Its ultimately a concierge type problem.   How do we determine the best augmenting skill?    Specified need, context, technical ability,  past interactions .... Lots can be at play.  Ultimately a component of all intelligent conversations with a goal.

Rank: How Alexa Determines What Skill Can Best Meet a Customer’s Need    By Young-Bum Kim  Amazon Developer

Amazon Alexa currently has more than 40,000 third-party skills, which customers use to get information, perform tasks, play games, and more. To make it easier for customers to find and engage with skills, we are moving toward skill invocation that doesn’t require mentioning a skill by name (as highlighted in a recent post).

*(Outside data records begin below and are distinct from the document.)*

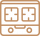 Simple brown line drawing of a gas stove with two burners and two control knobs.
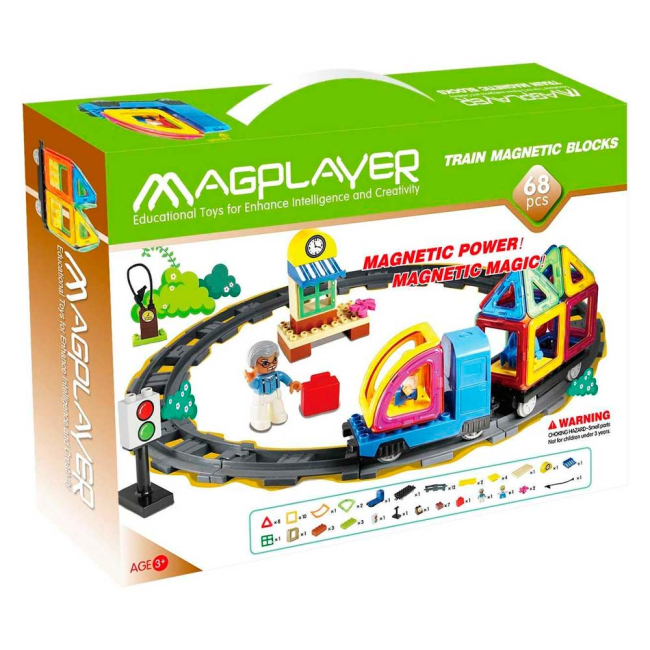 Магнітні конструктори - Конструктор Magplayer Магнітний набір 68 елементів (MPK-68)#2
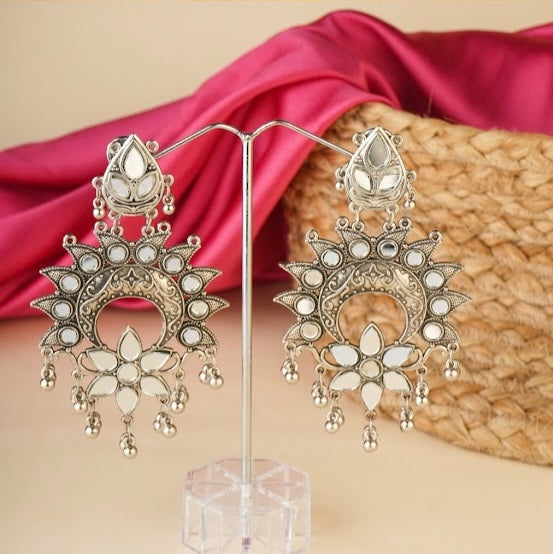 Aditi Mirror Oxidised Set with Necklace and Earrings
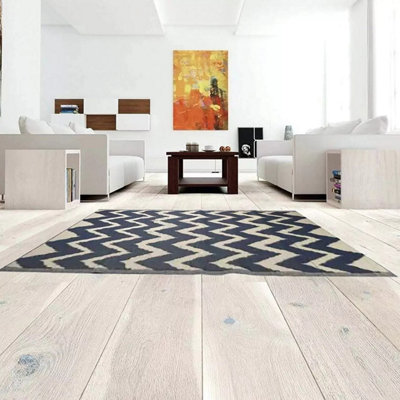 Marco Paul Large Blue Zigzag Rug from B&Q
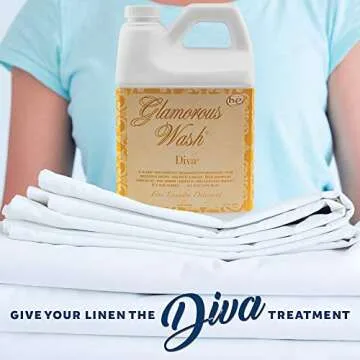 Tyler DIVA Glamorous Wash Laundry Detergent- 1/2 Gallon - With Olivi Stain Remover Pen - Fresh Scented Sachet - Laundry Detergent - For Washing Clothes, Linen, Lingerie, Expensive Fabric, Sheets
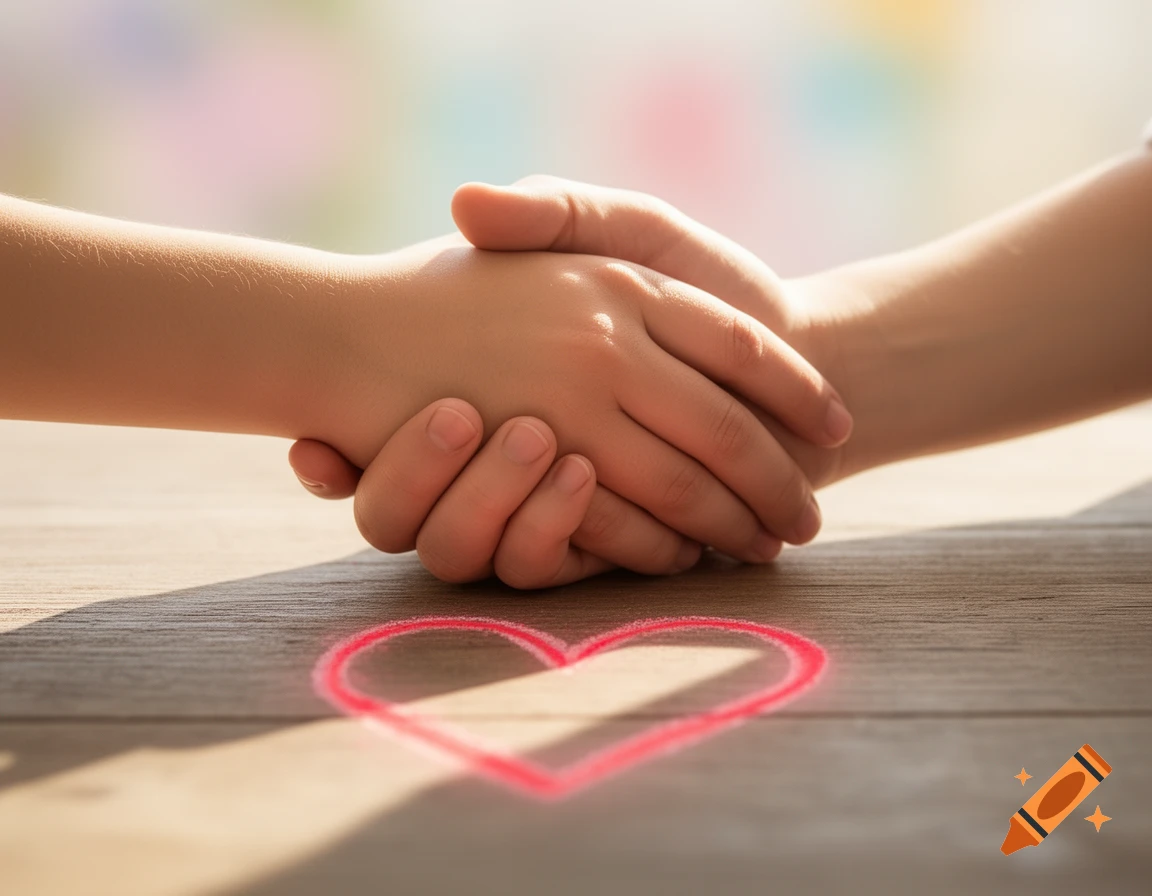 Close-up of an adult's hand holding a child's hand over a wooden table with a red chalk heart.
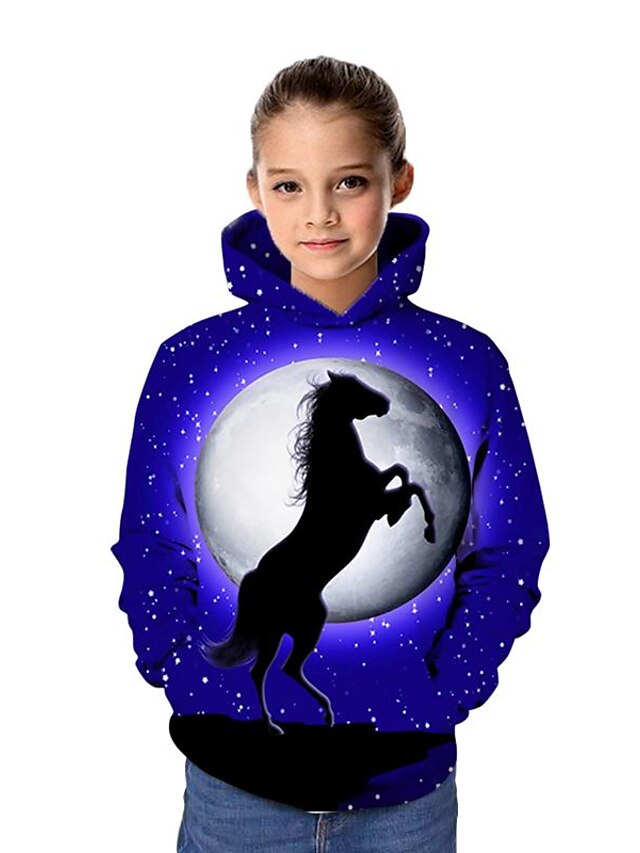  Kids Girls' Hoodie & Sweatshirt Horse Long Sleeve Graphic 3D Animal Print Blue Children Tops Active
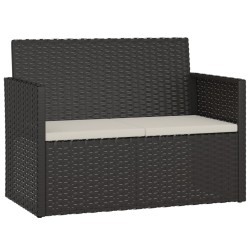 Banc de jardin avec coussins Noir 105 cm Résine tressée 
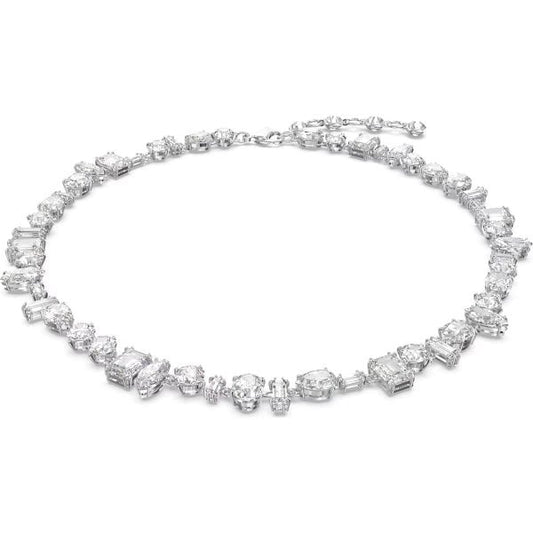 Gema necklace, White, Rhodium plated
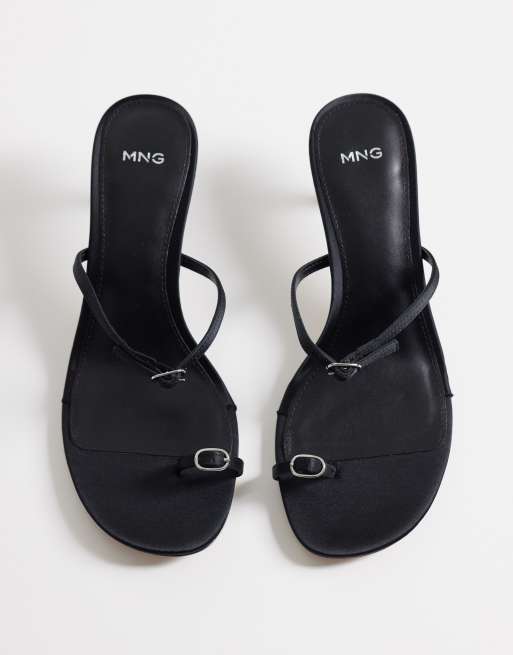 Mango – Minimalistische Absatzsandalen in Schwarz mit Schnallen, 2 von 4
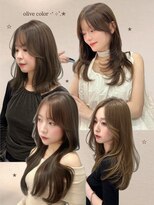 ボタン シブヤ(VOTAN SHIBUYA)&nbsp;オリーブブラウン/オリーブグリーン/透明感カラー/韓国ヘア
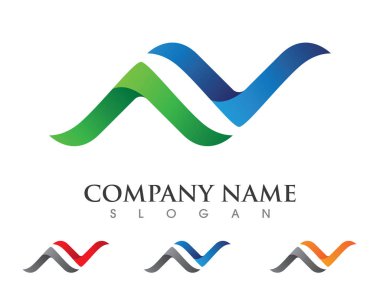 V Harfi Logo İş Şablonu Vektör Simgesi Simgesi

To enable name-free skill interaction, Alexa currently uses a two-step, scalable, and efficient neural shortlisting-reranking approach. (I described our approach to shortlisting in a post yesterday). The shortlisting step uses a scalable neural model to efficiently find the optimal (k-best) candidate skills for handling a particular utterance; the re-ranking step uses rich contextual signals to find the most relevant of those skills. We use the term “re-ranking” since we improve upon the initial confidence score provided by the shortlisting step.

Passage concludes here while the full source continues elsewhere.